Interchange data length
Specifies the number of bytes in the Interchange data field. If this value is 0, then Interchange data field shall consist of the single byte value 0x00.
Interchange data
Specifies the interchange data for this stream. If Interchange data length is set to 0, then this field shall still be present and shall consist of the single byte 0x00.
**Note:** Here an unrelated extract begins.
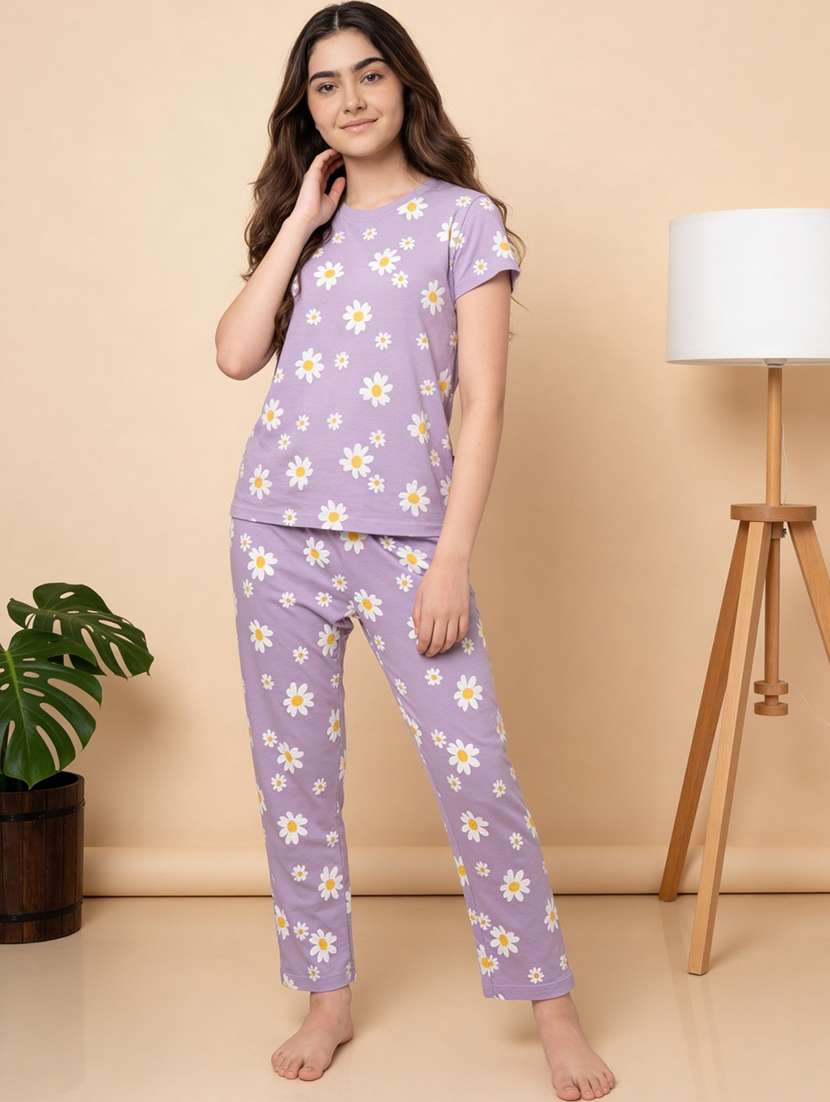 girls purple floral cotton pyjama set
9.5 File transfer and binary media types
When the Stream Type of the Stream Properties Object has a value equal to either ASF_File_Transfer_Media or ASF_Binary_Media, the ASF media type that populates the Type-Specific Data field of the Stream Properties Object is represented using the following structure.
Field name |
Field type |
Size (bits) |
Major media type |
GUID |
128 |
Media subtype |
GUID |
128 |
Fixed-size samples |
DWORD |
32 |
Temporal compression |
DWORD |
32 |
Sample size |
DWORD |
32 |
Format type |
GUID |
128 |
Format data size |
DWORD |
32 |
Format data |
See below |
varies |
The fields are defined as follows:
Major media type
This value must be equal to the Stream Type value in the Stream Properties Object.
Media subtype
Indicates the media subtype. Can be set to 0 if not relevant. ASF_Web_Stream_Media_Subtype is a possible value for file transfer streams that are Web streams.
Fixed-size samples
Valid values are 0 and 1. This value shall be set to 1 if this stream has fixed-size samples.
Temporal compression
Valid values are 0 and 1. This value shall be set to 1 if compression of media object N might depend on media object N-1. In general, this value should be set to 0.
Sample size
If the Fixed-size samples field has a value of 1, then this value is the fixed sample size. Otherwise, the value is ignored and should be 0.
Format type
If there is no additional media type information, this field, along with the value in the Format data size field, should be set to 0. For a Web stream, this can be set to ASF_Web_Stream_Format. Custom non-standard format types can also be defined, but they will not necessarily be understood across implementations.
Format data size
This is the number of bytes in Format data. If there is no format data, this field, along with the value in the Format type field, should be set to 0.
Format data
This is the additional format data for this media type. This shall be present only if Format data size is greater than 0. Custom format types can define how these bytes are formatted. If the Format type is equal to ASF_Web_Stream_Format, then there is a standard format for these bytes, detailed in section 9.5.1.
9.5.1 Web streams
Web streams are a subtype of file transfer streams. The media type should be expressed as previously mentioned. The Media subtype shall be set to ASF_Web_Stream_Media_Subtype. The Format type shall be set to ASF_Web_Stream_Format. The Format data size shall be set to 8. The Format data should use the values in the following table.
Field name |
Field type |
Size (bits) |
Web stream format data size |
WORD |
16 |
Fixed sample header size |
WORD |
16 |
Version number |
WORD |
16 |
Reserved |
WORD |
16 |
The fields are defined as follows:
Web stream format data size
This shall be set to 8.
Fixed sample header size
This shall be set to 10. See below for a description of the Web stream header.
Version number
This shall be set to 1.
Reserved
Reserved, must be 0.
In addition, all media objects for a Web stream need to begin with 10 bytes formatted as follows:
Field name |
Field type |
Size (bits) |
Total header length |
WORD |
16 |
Part number |
WORD |
16 |
Total part count |
WORD |
16 |
Sample type |
WORD |
16 |
URL string |
WCHAR |
Varies |
The fields are defined as follows:
Total header length
This is the total size of the media object header. This value should be set to 10 plus the length (not including the nul-terminating character) of the URL string field.
Part number
Current part of the file (0-based). Valid values are from 0 to Total number of parts – 1.
Total part count
Number of parts in the file.
Sample type
Valid values for this field are 1, which indicates the sample type is “file”, and 2, which indicates the sample type is “render” (which is essentially a command to render the data).
URL string
This is a nul-terminated string containing the URL for the file being transferred.